(Crawled caption data)
Segment Open
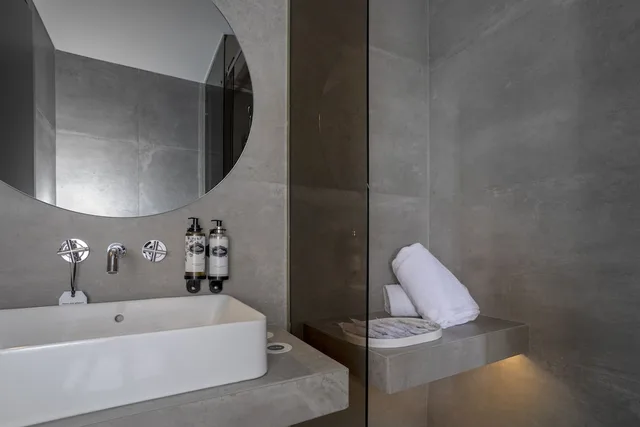 غرفة بسريرين منفصلين، Icon Duplo Ribeira 4/5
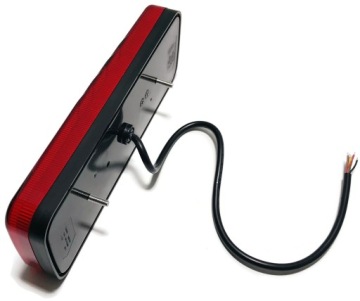 2X СВЕТОДИОДНЫЕ ЗАДНИЕ ФОНАРИ DYNAMIC SKIER ARROW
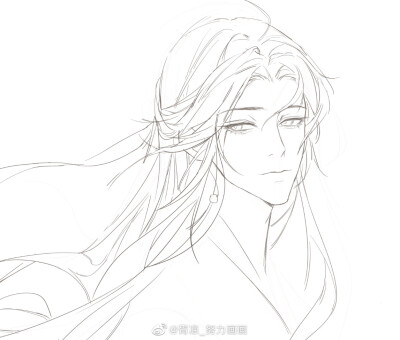 将进酒@胥凉_努力画画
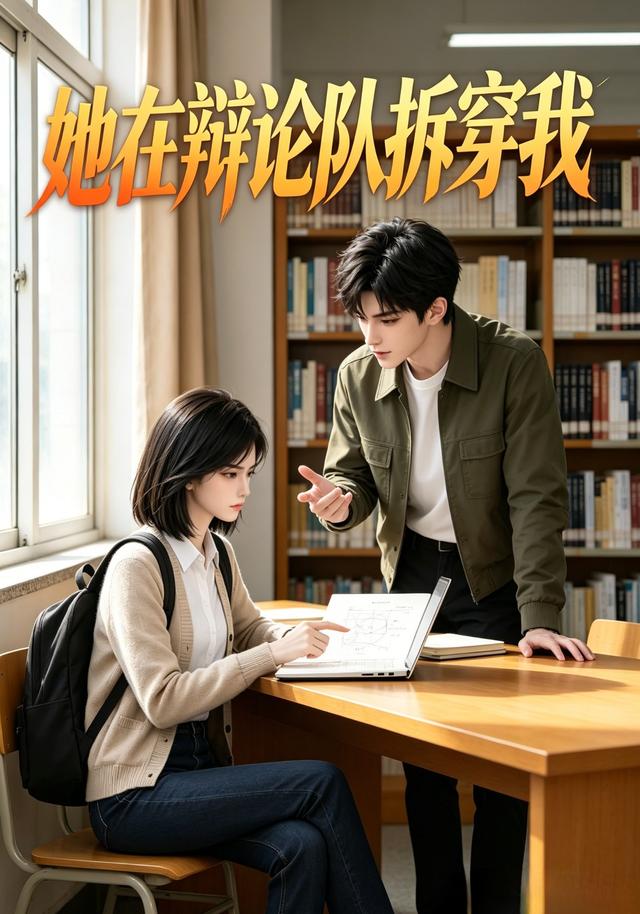 她在辩论队拆穿我 cover
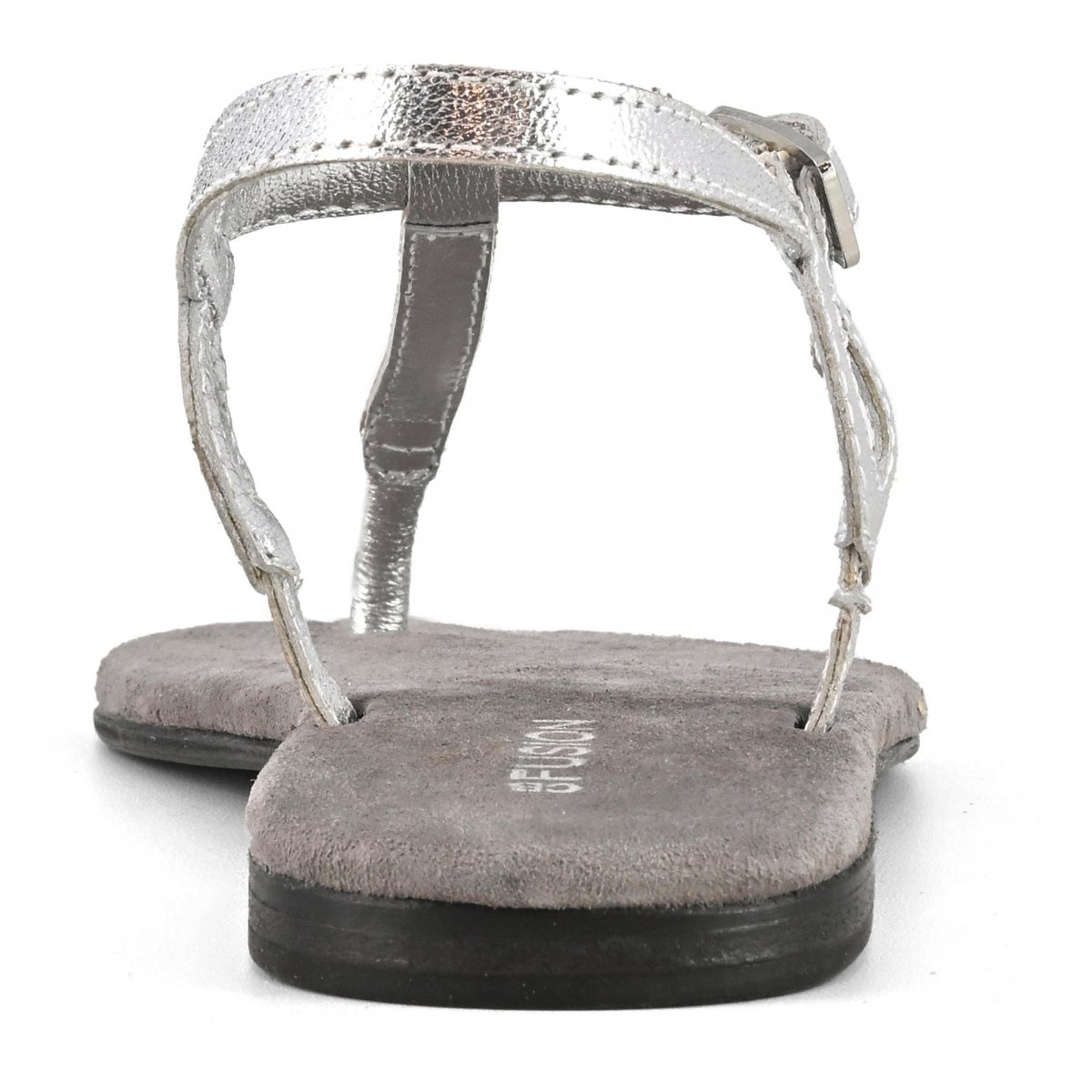 Infradito minimal in pelle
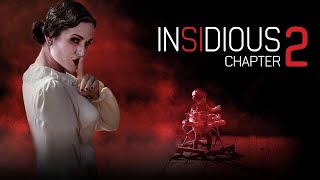 Insidious Chapter 2 2013 Movie  Rose Byrne Patrick Wilson Lin Shaye  Review And Fact [upl. by Aneehs]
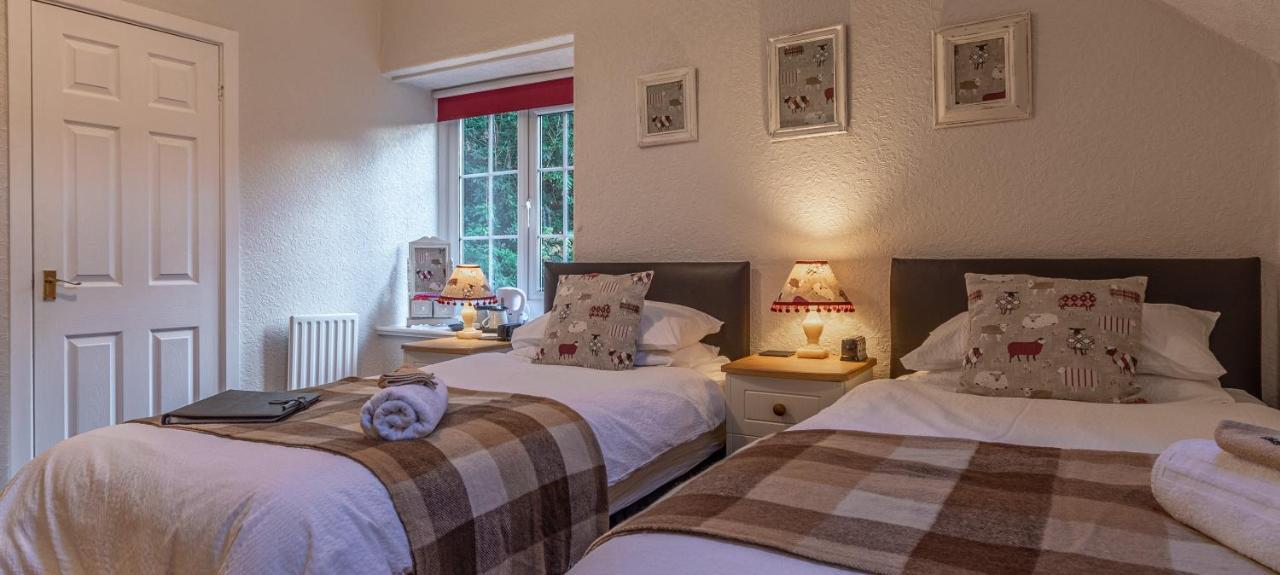 Bed and Breakfast Glyntwrog House Betws-y-Coed Zewnętrze zdjęcie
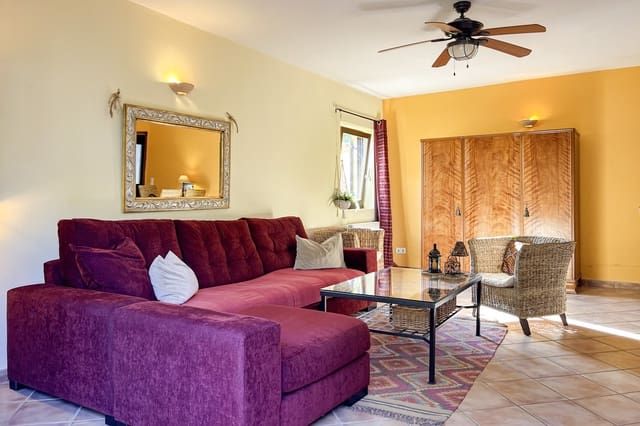 3 sovrum Villa att hyra i Cala Ratjada, Capdepera - 2 200 € (Ref: 8697467)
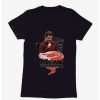 Comedy * | Comedy Parks And Recreation Meat Tornado Womens T-Shirt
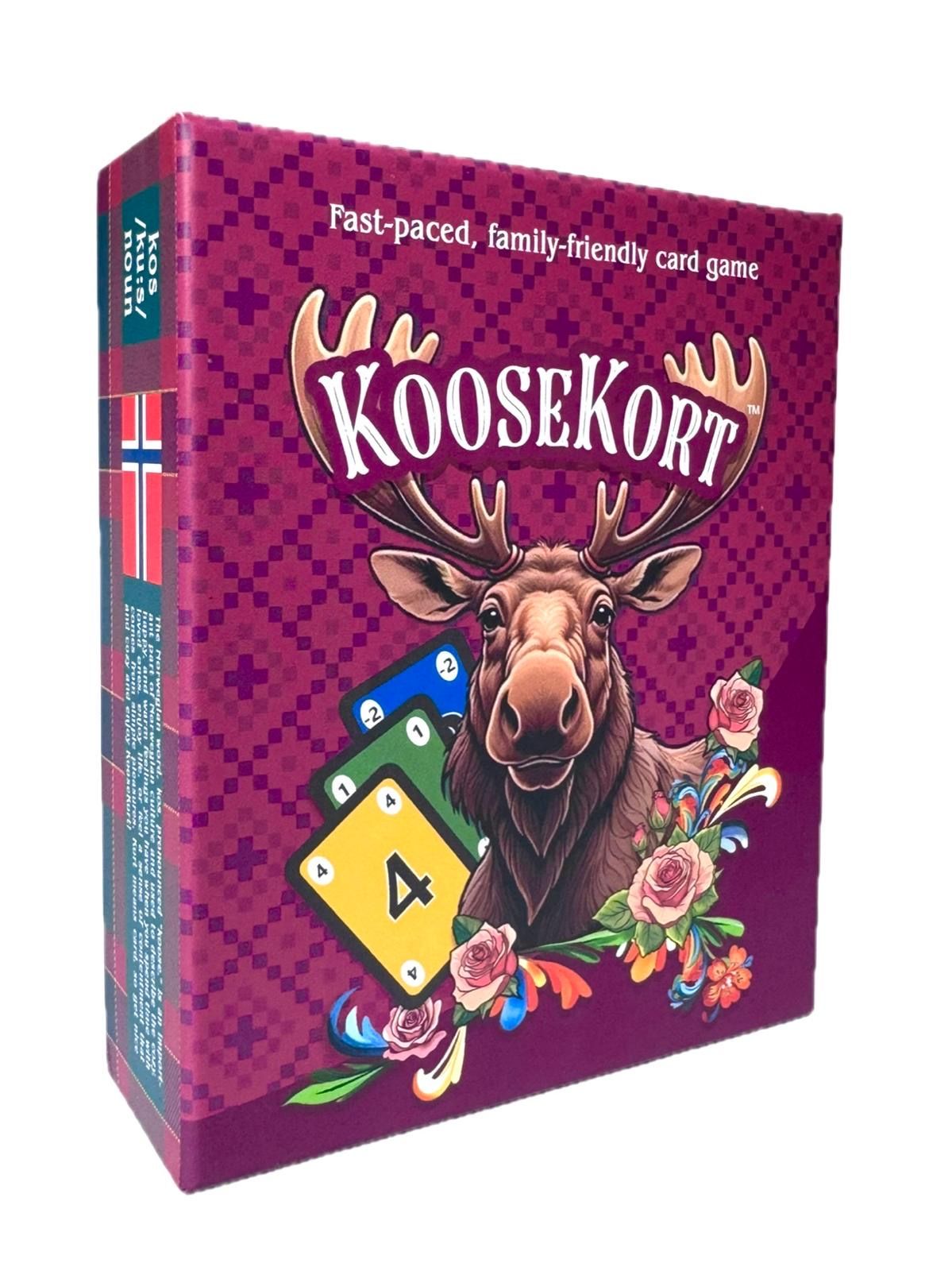 Cover art for KooseKort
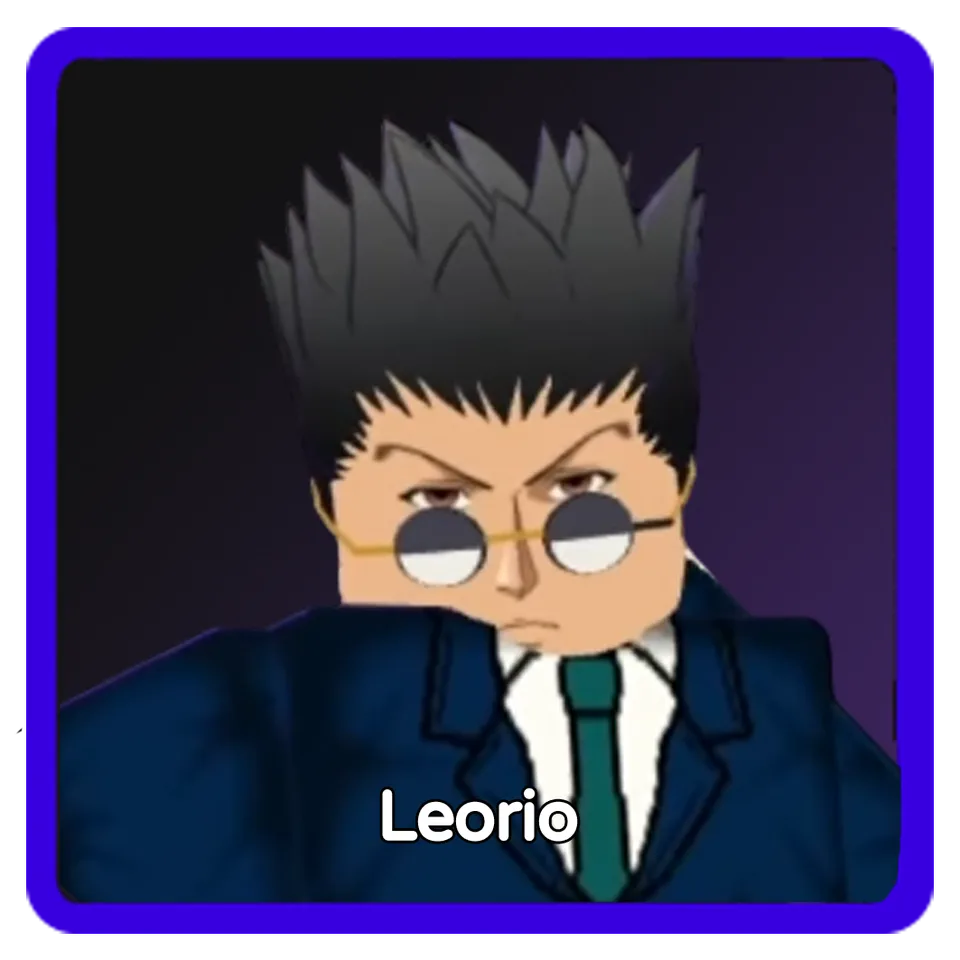 Leorio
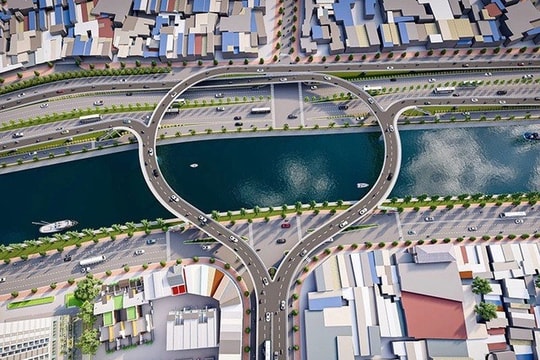 TP.HCM: Khởi công cầu Nguyễn Khoái 3.724 tỷ đồng ngày 19/12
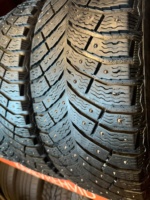 Michelin X-Ice North 4 215/60R16 99T - Pilt 3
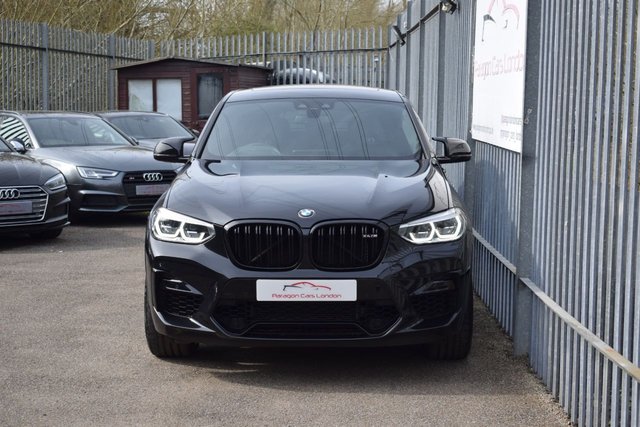 2021 BMW X4 M - Photo 7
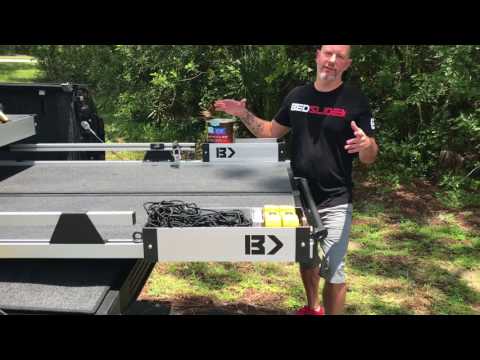 BEDSLIDE BEDBIN Accessories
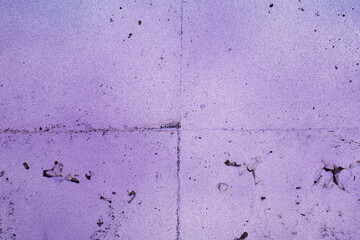 purple painted stone wall background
Segment Closed
Print the records exactly, every one. Leave out the pictures.

== Output ==
 غرفة بسريرين منفصلين، Icon Duplo Ribeira 4/5
 2X СВЕТОДИОДНЫЕ ЗАДНИЕ ФОНАРИ DYNAMIC SKIER ARROW
 将进酒@胥凉_努力画画
 她在辩论队拆穿我 cover
 Infradito minimal in pelle
 Insidious Chapter 2 2013 Movie  Rose Byrne Patrick Wilson Lin Shaye  Review And Fact [upl. by Aneehs]
 Bed and Breakfast Glyntwrog House Betws-y-Coed Zewnętrze zdjęcie
 3 sovrum Villa att hyra i Cala Ratjada, Capdepera - 2 200 € (Ref: 8697467)
 Comedy * | Comedy Parks And Recreation Meat Tornado Womens T-Shirt
 Cover art for KooseKort
 Leorio
 TP.HCM: Khởi công cầu Nguyễn Khoái 3.724 tỷ đồng ngày 19/12
 Michelin X-Ice North 4 215/60R16 99T - Pilt 3
 2021 BMW X4 M - Photo 7
 BEDSLIDE BEDBIN Accessories
 purple painted stone wall background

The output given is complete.